Editoras menores e mais próximas dos artistas, conseguem fazer edições menores e atender a uma fatia de mercado que busca este material diferenciado, tiragens gigantes não são mais uma realidade do mercado de quadrinhos seja aqui ou no exterior.
Scott McCloud em "Desvendando os Quadrinhos" pág 176
Os artistas que se destacaram e são lembrados como pioneiros foram justamente aqueles que buscaram o "algo além" e construíram uma identidade, quebrando paradigmas: Alan Moore, Frank Miller, John Mark DeMatteis, Bill Sienkiewicz, Jim Steranko, Will Eisner, Bill Watterson, Liniers, Neil Gaiman, Grant Morrison, Kazuo Koike e Goseki Kojima, Daniel Clowes, são exemplos de alguns artistas que mostraram que mesmo dentro de um contexto mais comercial e que necessitava agradar o público conseguiram imprimir uma nova linguagem e um estilo próprios.

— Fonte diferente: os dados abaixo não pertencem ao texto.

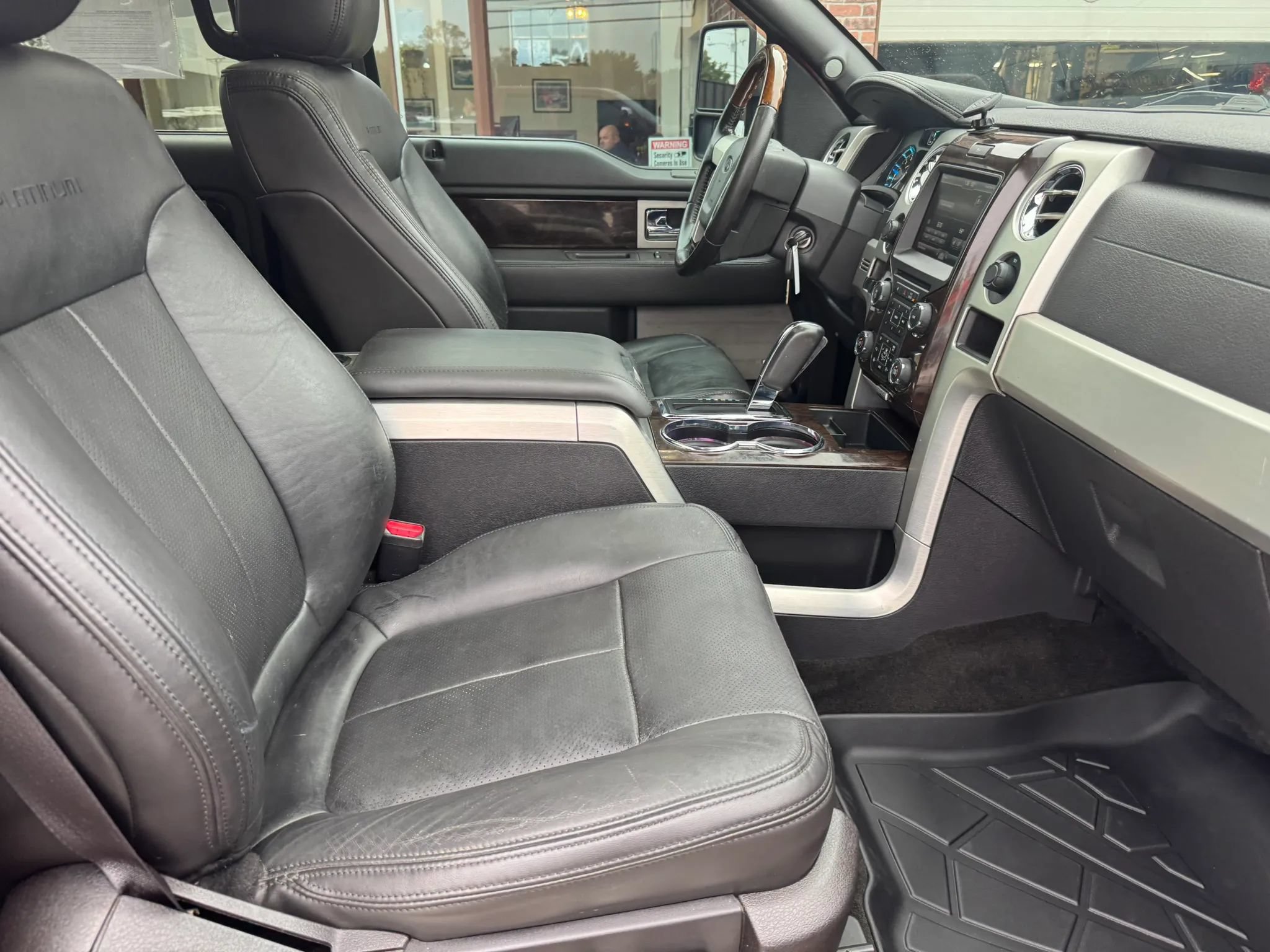 Used 2014 Ford F150 Platinum AWD/4WD image 43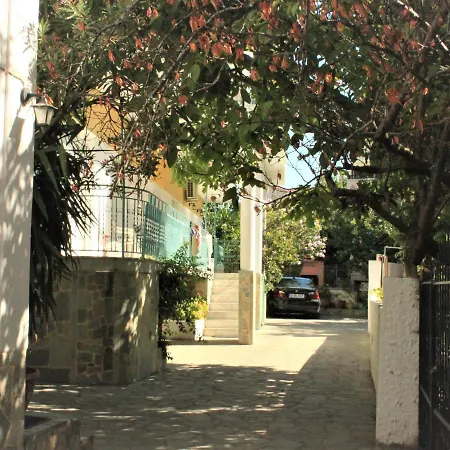 House Fedra Hotel apartamentowy Potos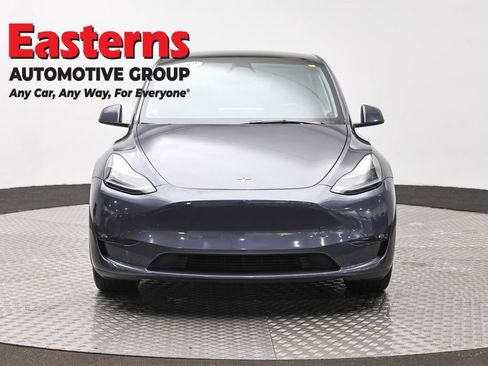 Used 2023 Tesla Model Y Long Range AWD/4WD image 2
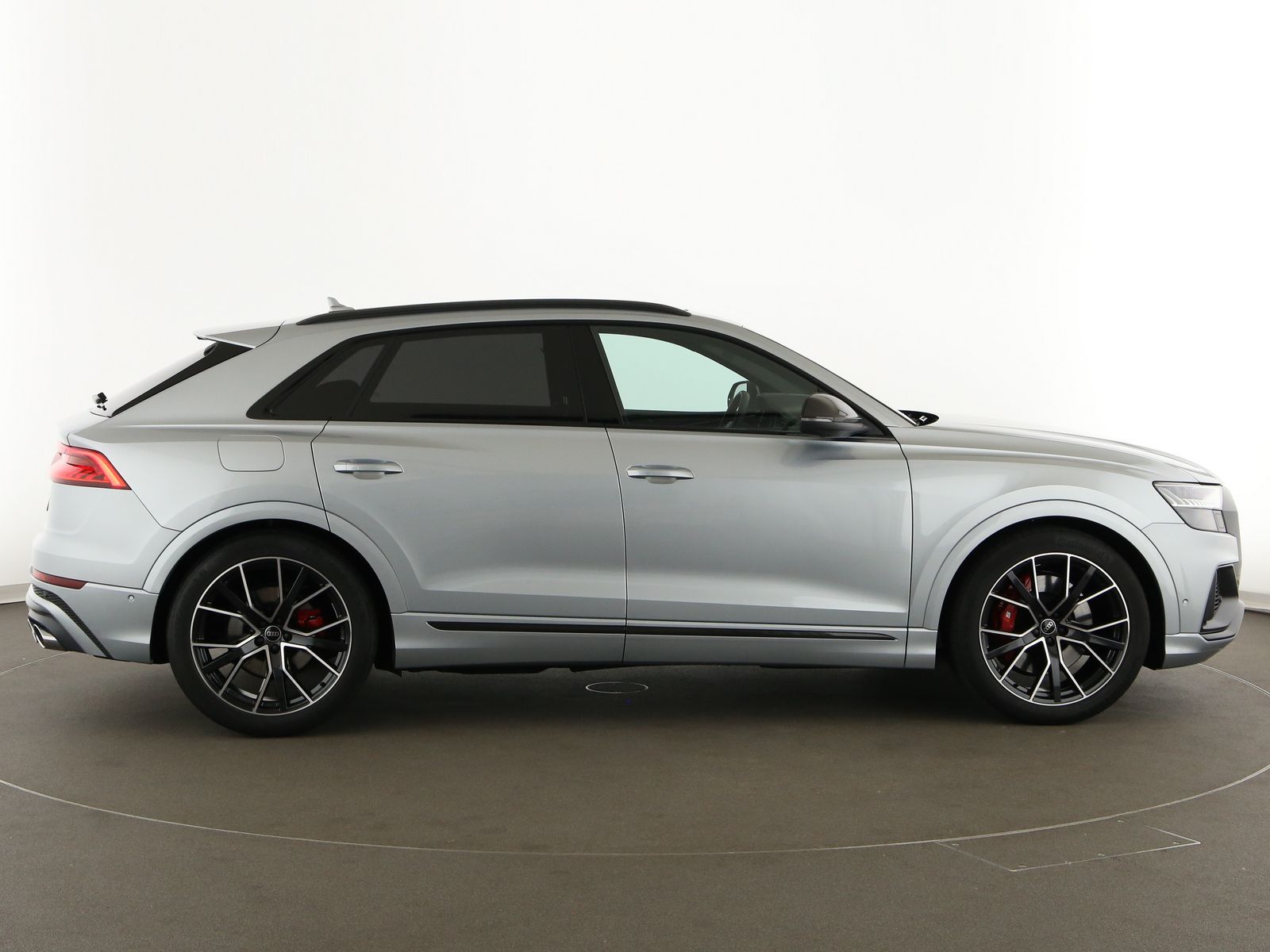 Audi SQ8 - Bild 9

Elektra de Bill Sienkiewicz
Spirit de Will Eisner
A fabulosa e pioneira arte de Jim Steranko
Indo mais além na busca desta identidade, são artistas que foram ainda mais longe em sua pesquisa e inovação por uma identidade própria e ainda assim conseguiram atender às demandas de mercado, mostrando que é possível conciliar arte e profissão, identidade e acessibilidade, como Caza, Phillipe Druillet, Moebius,
No Brasil temos alguns artistas que com certeza quebraram as barreiras do senso comum e com certeza fosse este um país sério estariam gozando do reconhecimento e prestígio devidos, artistas como o impressionante Antonio Amaral e todos os artistas do movimento os Quadrinhos Poético-Filosóficos , Lourenço Mutarelli, Danilo Beyruth, Jaca, Marcatti, Calazans, Laudo Ferreira
O impressionante Antonio Amaral e sua mescla de pintura, hq e poesia!
Desgraçados de Lourenço Mutarelli um dos mais impressionantes Quadrinhos Brasileiros já publicados.
Detalhe de página do italiano Andre pacienza (R.I.P) um artista que fazia cada HQ sua em um estilo de traço diferente!
Pensar que o conteúdo proporcionado pelos quadrinhos deve estar atrelado às demandas imediatistas e visão pobre de conteúdo da indústria do entretenimento é um fator limitante e muito triste para o potencial de arte que os quadrinhos e seus artistas têm a oferecer. Scott McCloud nos mostrou que até mesmo na indústria do entretenimento, há um "Tao" possível.